Смазливенькая блондинка. Купил ей квартирку, пару побрякушек с брюликами…
И тут слабину дала моя Ленка.
Как я ни уверял ее, что эти отношения необходимы в интересах дела, женушка моя пошла вразнос: и скандалы, и уходы к маме, и демонстративные дамские запои, и заявления: «Я тебе только что изменила»…
Сначала я крепился, а потом начал вести себя адекватно ее поведению. Началось, конечно, с меня самого: возвращался с «деловых совещаний» и «командировок» пьяным, в рубахе, измазанной губной помадой, и несло от меня чужими духами…
Не понимал я тогда, что со мной делается.
Вот сейчас думаю так: вначале – одолело меня желание пожить не хуже людей.
Но вскоре появился деловой азарт, интерес!
Дальше…
Знаешь, неожиданно появилась мысль: вот могу себе очень многое позволить, а все кручусь, кручусь, прибыль в расширение дела вкладываю. Сколько уже можно работать на деньги, ради их приумножения?!

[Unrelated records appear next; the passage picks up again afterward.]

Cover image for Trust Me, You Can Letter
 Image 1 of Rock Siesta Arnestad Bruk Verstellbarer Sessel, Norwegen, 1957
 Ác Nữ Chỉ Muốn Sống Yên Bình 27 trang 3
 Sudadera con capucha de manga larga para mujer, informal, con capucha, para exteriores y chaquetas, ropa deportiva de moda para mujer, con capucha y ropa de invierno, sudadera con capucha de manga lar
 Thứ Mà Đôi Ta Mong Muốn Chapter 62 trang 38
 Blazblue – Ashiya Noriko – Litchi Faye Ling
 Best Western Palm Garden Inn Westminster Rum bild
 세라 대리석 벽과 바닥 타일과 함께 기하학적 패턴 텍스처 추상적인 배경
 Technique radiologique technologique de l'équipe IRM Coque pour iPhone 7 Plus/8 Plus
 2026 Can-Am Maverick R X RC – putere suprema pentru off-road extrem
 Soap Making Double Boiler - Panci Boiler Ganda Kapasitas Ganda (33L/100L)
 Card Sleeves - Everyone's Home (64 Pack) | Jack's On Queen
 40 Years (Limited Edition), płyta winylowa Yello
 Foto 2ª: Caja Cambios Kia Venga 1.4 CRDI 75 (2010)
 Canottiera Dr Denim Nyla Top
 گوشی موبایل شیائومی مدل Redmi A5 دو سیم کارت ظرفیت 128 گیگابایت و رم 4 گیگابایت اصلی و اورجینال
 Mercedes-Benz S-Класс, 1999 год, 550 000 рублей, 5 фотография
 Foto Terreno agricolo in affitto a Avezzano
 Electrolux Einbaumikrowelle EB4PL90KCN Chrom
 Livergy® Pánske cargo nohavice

Пусть они на меня, на мои растущие потребности начинают работать! Пришла пора тратить бабки на себя, позволить себе пожить, как мечталось, – с шиком.
О чем мечтает нищий?
Дальше мобильного с брюликами, крутой машины, позолоченного унитаза и ванны из шампанского фантазия ничего вообразить не может. Дорогие вещи, вино, жратва, бабы – вот и все культурные запросы большинства «новых русских» первой волны, по крайней мере, из моего окружения. Мы ведь, Данька, как неучами были, так и остались, наши морские познания в сухопутной жизни не применишь.
Вот меня и понесло: гулял так, как до революции купцы гуляли на Нижегородской ярмарке, – «с безобразиями».
Ох, и пил я, Данька!
Начал с элитного спиртного, но вскоре все равно стало: лишь бы глушило побыстрее да нескончаемое похмелье снимало. Устраивал скандалы в ресторанах с битьем морд, зеркал и посуды, домой не на своих ногах являлся – охрана вносила.
Понесло меня, как пустую бочку с горы…
Ничего остановить не могло. Не волновало даже то, что партнеры за меня всерьез взялись: то я переговоры сорвал, то куш упустил… словом, не бизнес, а сплошная декларация об упущенных возможностях!
В нашем деле как заведено: ты упустил – другой воспользовался. Однажды я упустил контрольный пакет акций…
Осталась, правда, кое-какая недвижимость и небольшие накопления на разных счетах.
Но раньше упустил я Ленку.
Из очередного ухода к мамочке она не вернулась. Батя пристроил мою женушку референтом на фирму, велел мне забыть их адрес.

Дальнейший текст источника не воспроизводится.